6.  Not mentioned in the summary judgment answering papers, but the subject of pending discovery by plaintiffs are allegations relating to still another lawsuit, this one filed in the District of Connecticut on August 18, 1998 by Bristol Technologies. Expedited discovery is currently underway in that case in anticipation of a preliminary injunction hearing. This contract dispute relates to a source code license for Windows NT used to port applications to the UNIX operating system. It has nothing to do with the claims asserted by plaintiffs in their complaints.

ARGUMENT

All of the new issues enumerated above should be excluded from the trial of this case. The Court established the pre-trial procedures it did, and Microsoft conducted the discovery it did, based on plaintiffs’ representations about the narrow scope of their claims, which are tightly focused on web browsing software. It is too late for plaintiffs to change the rules of the game and add a variety of other matters to the case, which will transform it beyond recognition.
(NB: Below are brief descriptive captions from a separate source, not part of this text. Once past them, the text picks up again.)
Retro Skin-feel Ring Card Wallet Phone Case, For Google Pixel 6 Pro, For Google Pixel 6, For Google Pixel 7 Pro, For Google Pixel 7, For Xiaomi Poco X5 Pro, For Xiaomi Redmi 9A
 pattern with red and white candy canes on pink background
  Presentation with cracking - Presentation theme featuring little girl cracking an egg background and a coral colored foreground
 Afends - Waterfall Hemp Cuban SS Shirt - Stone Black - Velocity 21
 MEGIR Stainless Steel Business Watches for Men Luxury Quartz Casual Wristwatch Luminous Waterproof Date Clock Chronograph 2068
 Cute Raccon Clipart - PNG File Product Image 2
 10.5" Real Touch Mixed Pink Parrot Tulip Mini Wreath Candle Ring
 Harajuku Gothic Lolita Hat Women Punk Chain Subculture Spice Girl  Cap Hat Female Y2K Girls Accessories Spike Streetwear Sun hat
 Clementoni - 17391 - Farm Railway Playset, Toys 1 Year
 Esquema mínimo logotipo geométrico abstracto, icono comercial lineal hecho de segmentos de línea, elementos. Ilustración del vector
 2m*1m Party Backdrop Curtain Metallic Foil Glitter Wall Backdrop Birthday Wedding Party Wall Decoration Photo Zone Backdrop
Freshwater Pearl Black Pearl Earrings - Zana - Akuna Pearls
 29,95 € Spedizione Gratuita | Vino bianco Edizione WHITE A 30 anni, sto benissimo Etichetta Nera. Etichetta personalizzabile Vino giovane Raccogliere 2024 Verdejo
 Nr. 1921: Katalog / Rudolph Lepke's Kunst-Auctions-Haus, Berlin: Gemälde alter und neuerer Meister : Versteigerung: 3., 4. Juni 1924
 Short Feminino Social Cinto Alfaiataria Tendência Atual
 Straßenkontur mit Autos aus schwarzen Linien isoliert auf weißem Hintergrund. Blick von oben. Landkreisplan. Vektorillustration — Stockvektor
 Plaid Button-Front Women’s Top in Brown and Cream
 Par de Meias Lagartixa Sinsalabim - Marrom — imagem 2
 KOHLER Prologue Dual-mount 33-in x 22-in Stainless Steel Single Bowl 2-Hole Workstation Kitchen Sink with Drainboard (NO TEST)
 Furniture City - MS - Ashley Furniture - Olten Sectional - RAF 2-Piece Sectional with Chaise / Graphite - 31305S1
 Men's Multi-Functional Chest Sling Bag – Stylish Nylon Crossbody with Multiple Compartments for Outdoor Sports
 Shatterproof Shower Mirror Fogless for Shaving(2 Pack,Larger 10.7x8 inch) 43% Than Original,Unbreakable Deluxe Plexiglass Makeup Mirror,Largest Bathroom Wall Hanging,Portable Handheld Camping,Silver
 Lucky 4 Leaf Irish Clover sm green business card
Plaintiffs’ efforts to shift the focus of this litigation dramatically on the eve of trial is "too much, too late," threatening to convert this proceeding into a trial by ambush. Plaintiffs’ new-found reliance on issues not included in their complaints seeks to effectuate a de facto amendment of those complaints. "[W]here the amendment significantly changes the complaint, thereby necessitating substantial additional discovery, leave to amend should be denied." McCann v. Frank B. Hall & Co., 109 F.R.D. 363, 367 (N.D. Ill. 1986) (citing cases). That is particularly true, where, as here, discovery has been substantially completed and it would be necessary for Microsoft to take extensive additional discovery in order to defend itself against the matters belatedly sought to be introduced. See, e.g., Maduff v. Life Ins. Co. of Va., No. 86 C 9826, 1988 WL 116855, at *2 (N.D. Ill. Oct. 26, 1988); McCann v. Frank B. Hall & Co., 109 F.R.D. at 367. In addition, plaintiffs’ attempt to reorient their case should be denied because they have failed to provide any explanation for their delay in seeking to introduce the new matters, which they have, in several instances, been investigating for many months. See Maduff v. Life Ins. Co. of Va., No. 86 C 9826, 1988 WL 116855, at *3.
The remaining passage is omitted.